Ask a bunch of kids to design technology for disabled people their age and you get an entirely different kind of creative thinking, from a "Swiss Army Hand" to a functional baseball glove.

 

High school students at the NuVu Studio in Cambridge, Massachusetts, don't go to classes and aren't graded on a curve. Their only real job, 9 a.m. to 3 p.m. every day, is to create something new--and thus learn in a different way.

 

"It's not about the regular subjects and the one-hour schedule that makes it hard for people to dig deeper," says Saeed Arida, NuVu's founder and "chief excitement officer." "They get a completely different perspective on college, and what they want to do."
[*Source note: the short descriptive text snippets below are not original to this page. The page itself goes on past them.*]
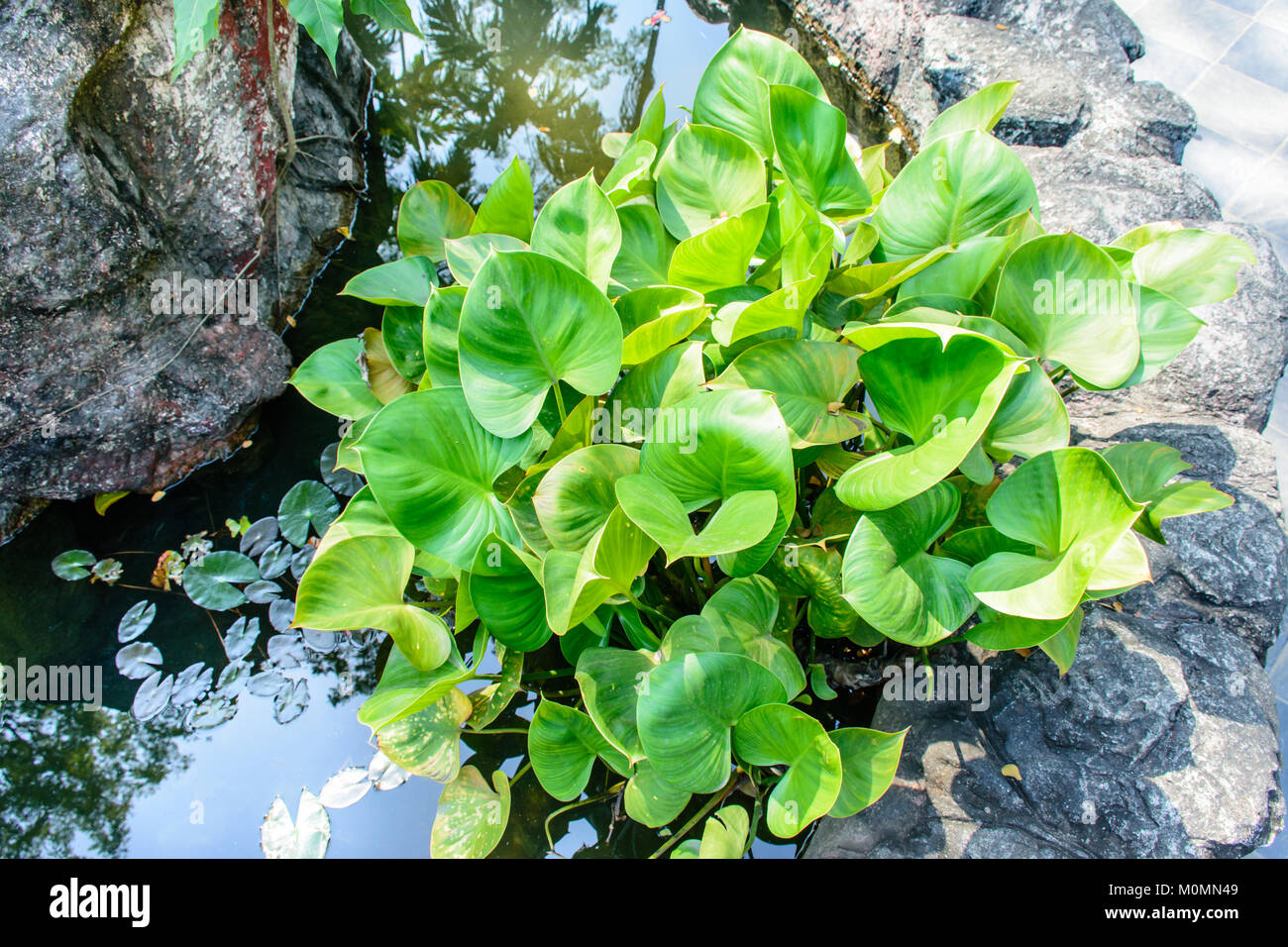 photo of water hyacinth Stock Photo Alamy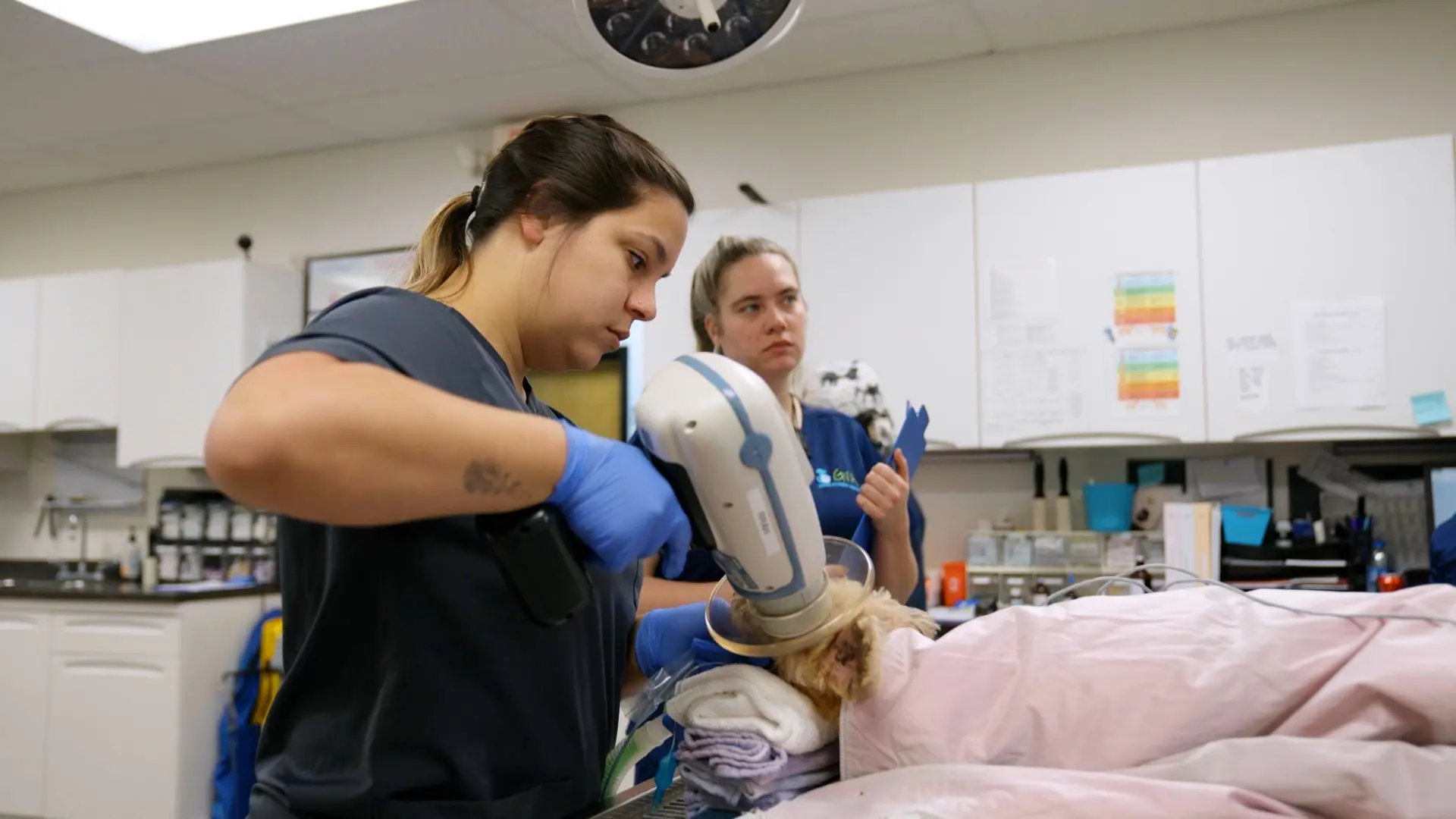 Veterinary patient care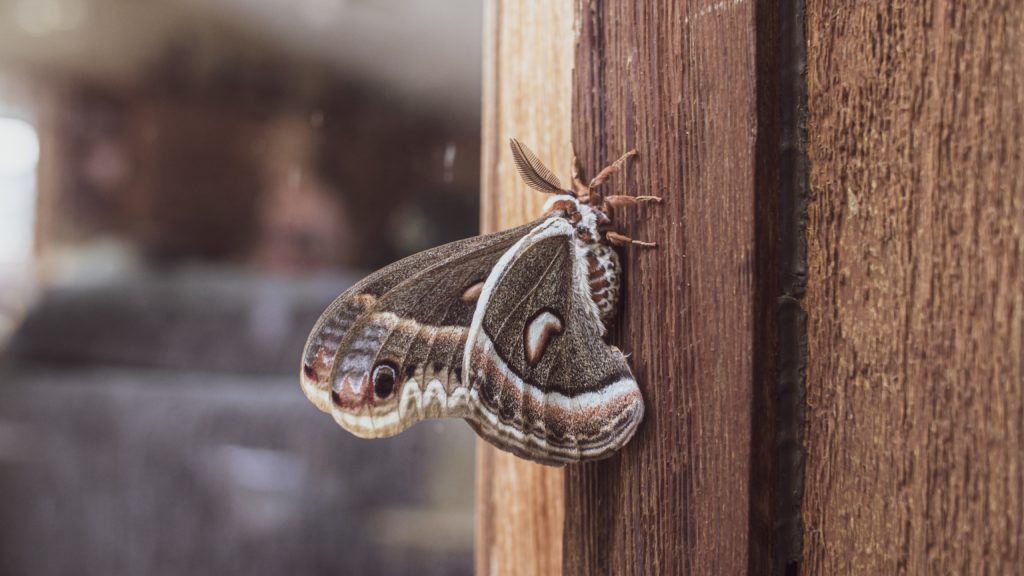 Focused shot of a brown moth resting on a wooden door.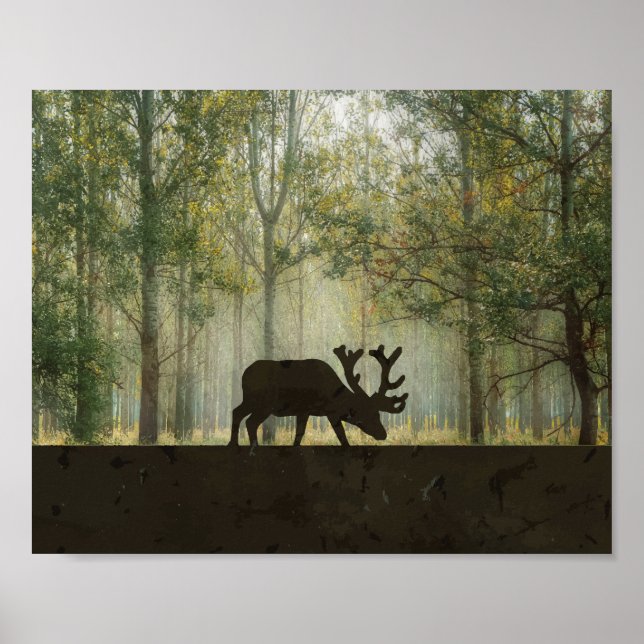 Illustration av älg i skog poster (Framsidan)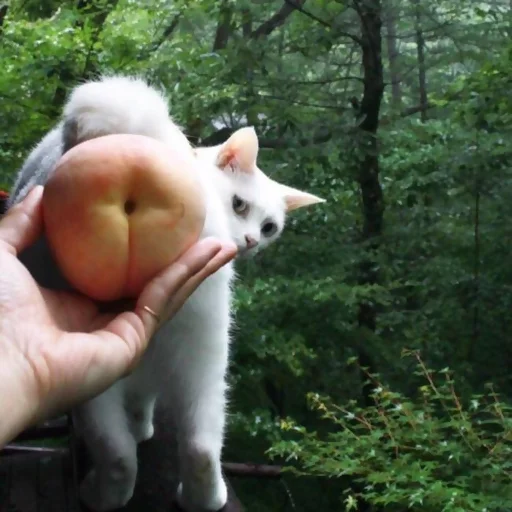Стикер 13 из набора «saintpaw by @xraycrow»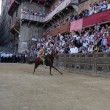 Palio di Siena, no ad Elisabetta: non andrà a festa regina 9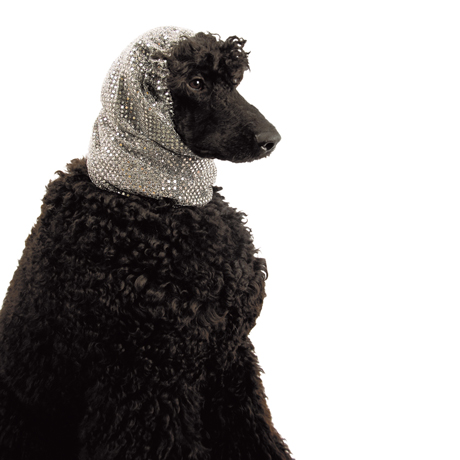Show Tech Snood Luxe Fancy Ear Covers For Dogs Silver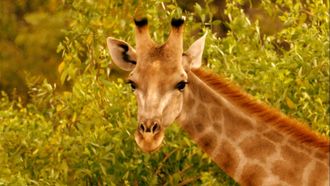 Episode 3 Giraffes: Africa's Gentle Giants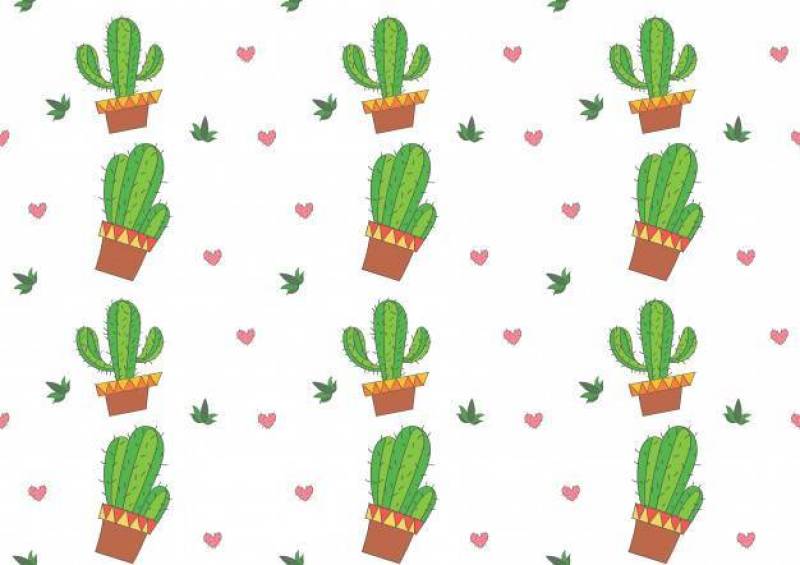 仙人掌无缝模式矢量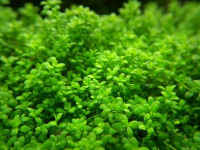 Снимка на Hemianthus callitrichoides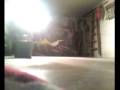 videos de switch disco flip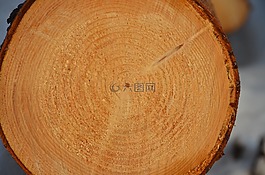 樹,年輪,時(shí)間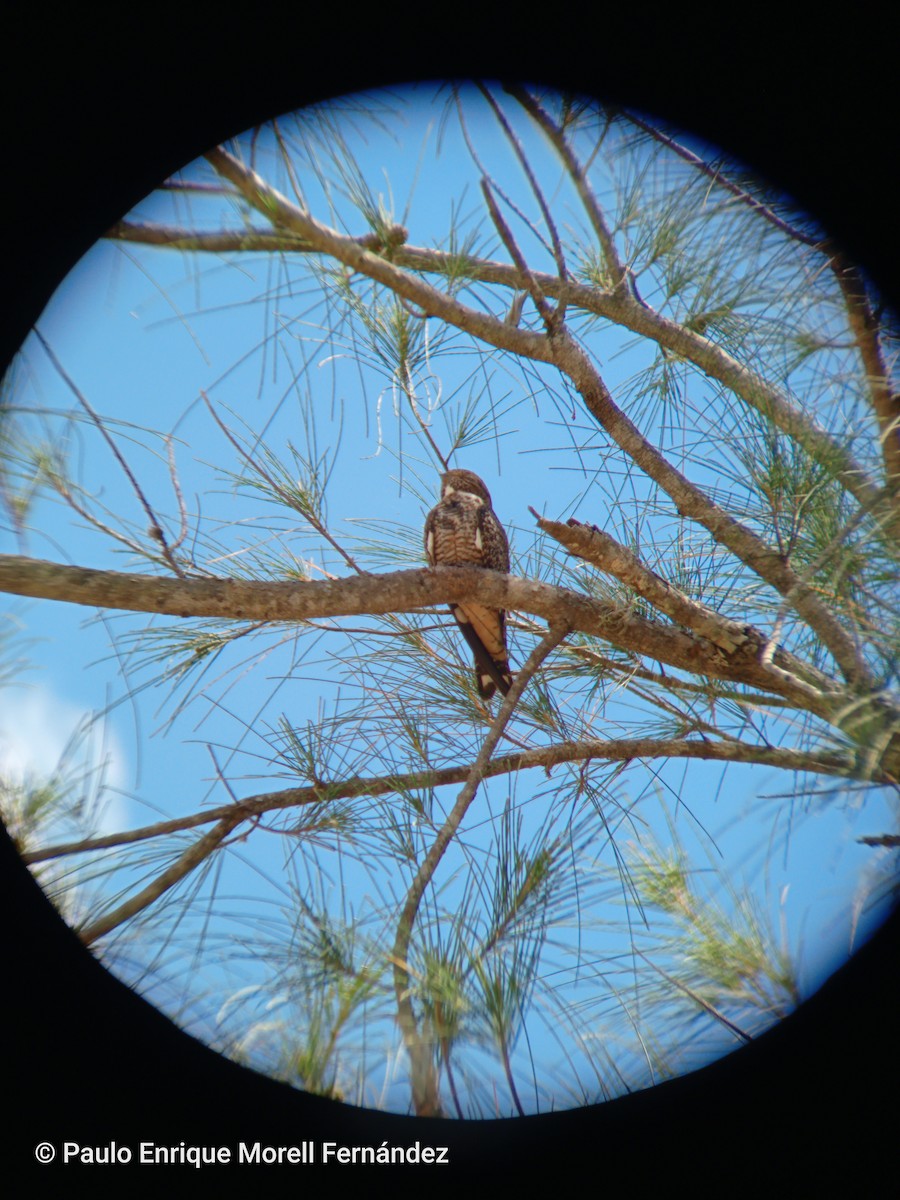 antillnatthauk - ML634292563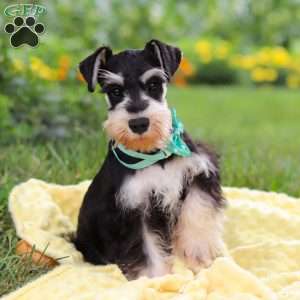 Denver, Miniature Schnauzer Puppy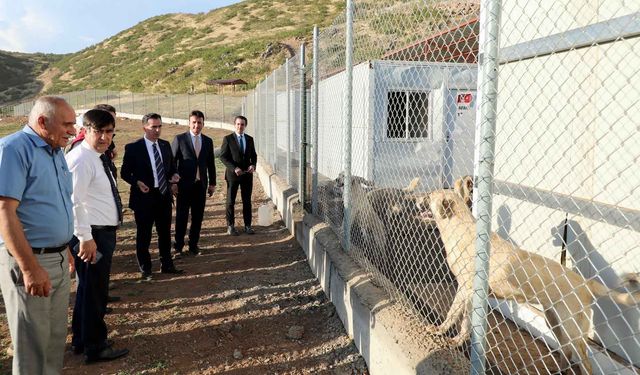 Bitlis Valisi Karakaya Sokak Hayvanları Doğal Yaşam Alanını İnceledi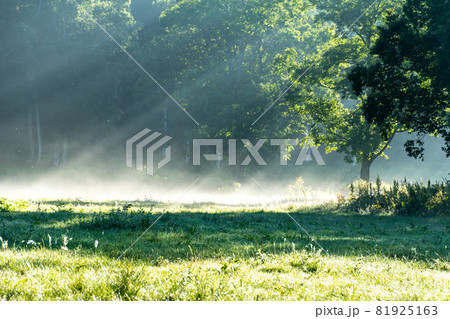 カヤノ平の輝き カヤノ平の輝き 81925163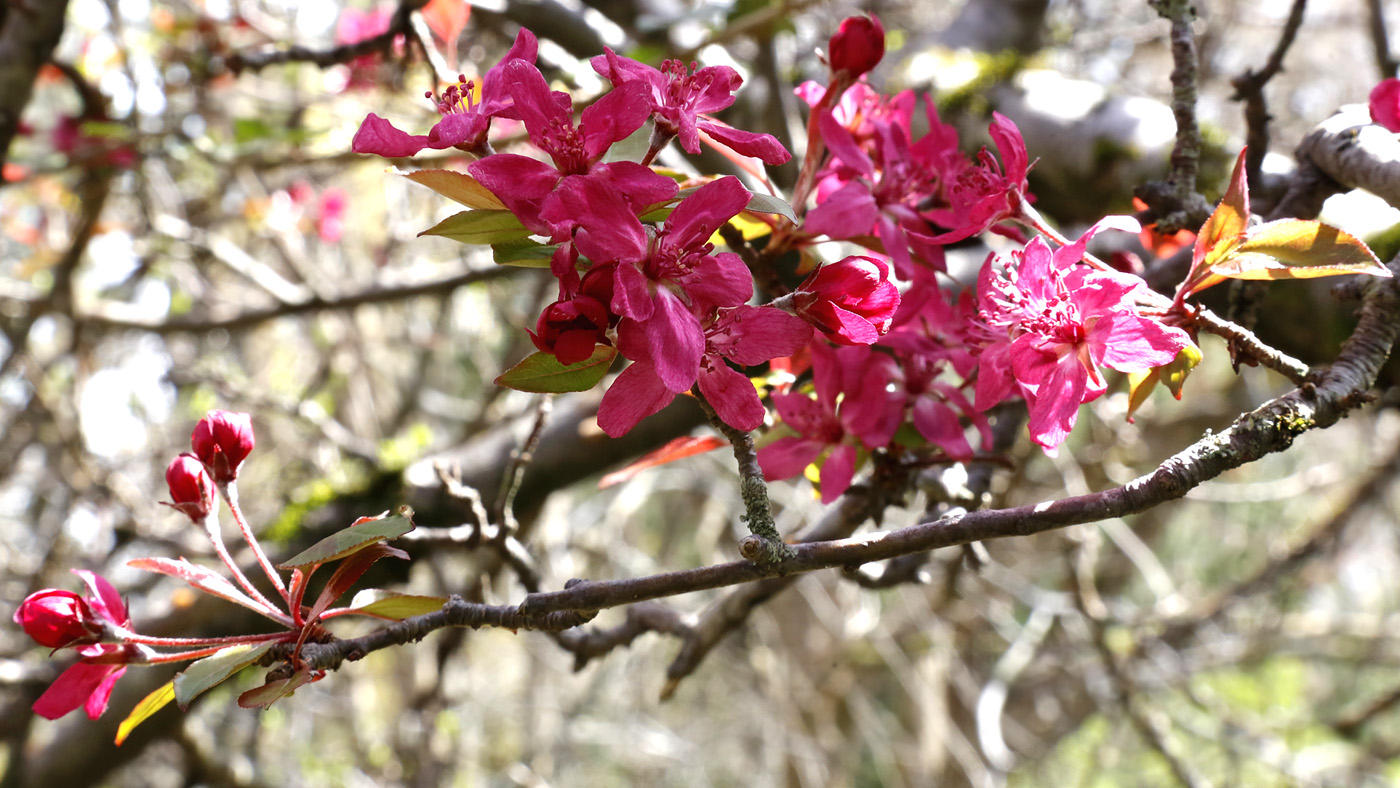 Image of genus Malus specimen.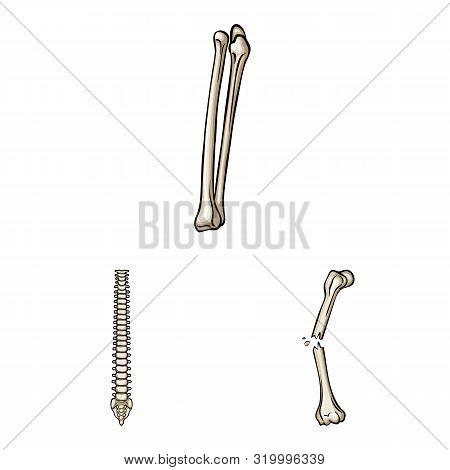 Vector Illustration Of Bone And Skeleton Icon. Set Of Bone And Human Vector Icon For Stock.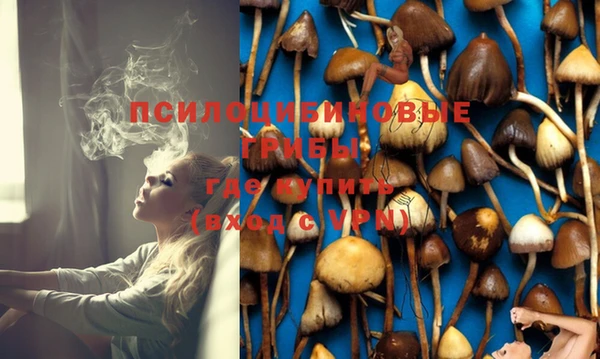 молекула духа Алексин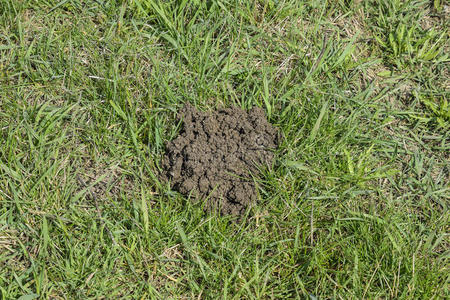 指已提到的人土堆关于泥土左边的在旁边指已提到的人鼹鼠照片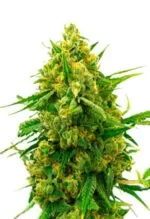 Amnesia Blue Head Band Feminized Cannabis Seeds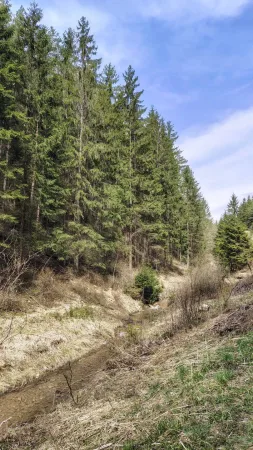 Kis patak folyik egy füves erdei lejtőn tavaszi természetben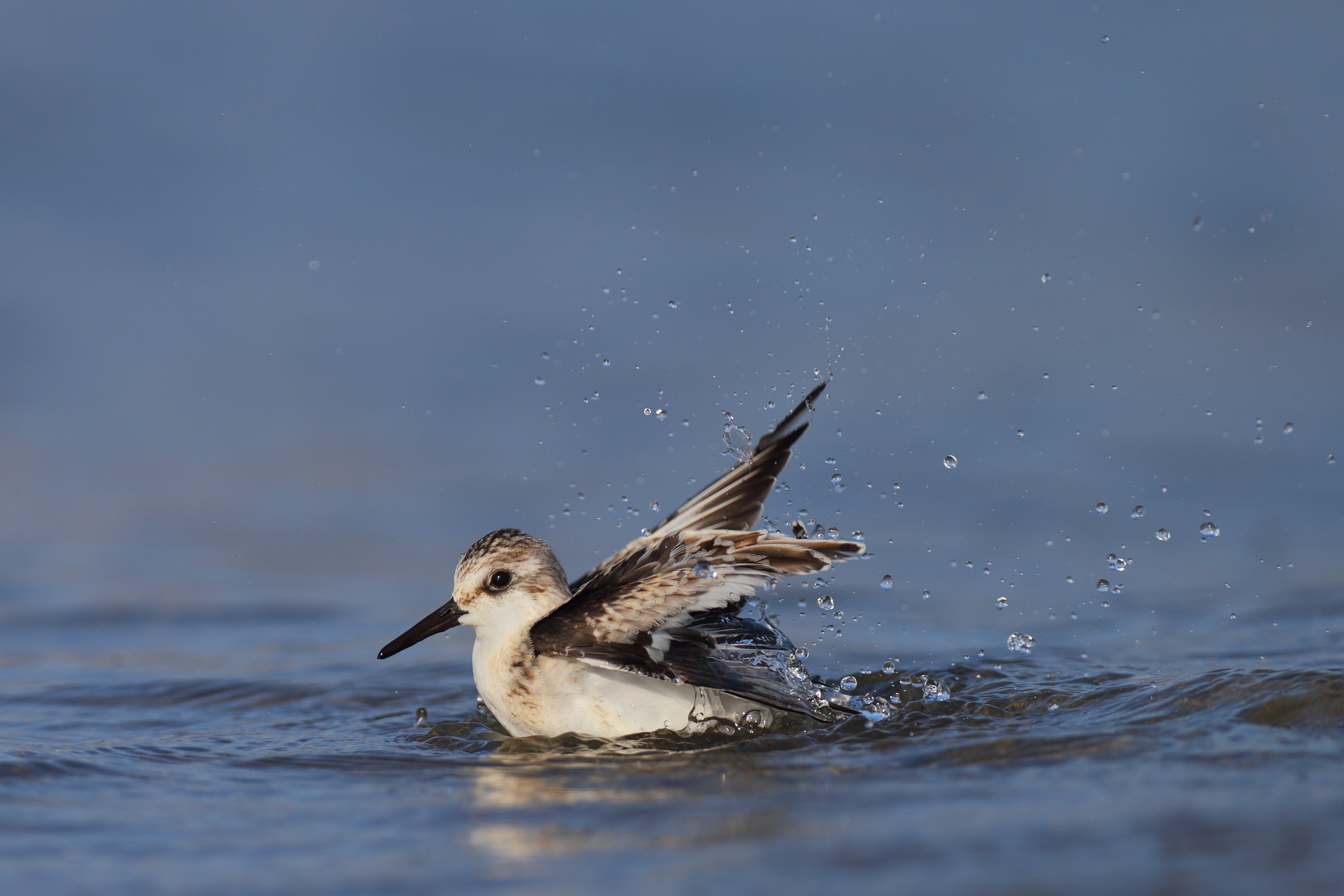 Sanderling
NuVu is an "innovation center" for under-18s that takes 35 students at a time. Twenty of those come from Beaver Country Day School, a founding partner. The rest are from other public and charter schools nearby. Every two weeks, faculty from M.I.T. and elsewhere come in to help the kids work on a new problem or project. This can range from telepresence robots to futuristic headwear.

 

The theme this winter has been "hacking health." For example, the students have worked on ideas for prosthetic hands, riffing off templates from the MakerBot Robohand project. They're not really hands in the conventional sense: more like bodily attachments with certain uses in mind. There's this two-fingered device that fits into a baseball glove. There's a "Ratchet Hand," which has a cylinder for pencil, Sharpie, brush, knife and fork. And don't forget the Swiss Army Hand, with its Wolverine claws.

 

The students are getting input from e-Nable, a community group for DIY prosthetics. The baseball hand is particularly popular with parents of disabled kids, Arida says.

 

"The feedback we're getting is they don't necessarily just want a hand," he says. "These kids don't have a hand from the beginning, so they can have something that is different. This is pushing prosthetics into a direction that's not necessarily literal."

 

We've covered several 3-D-printed prosthetics projects, including this $5 effort. But NuVu's could be our favorite. Let's hope the students keep working on them.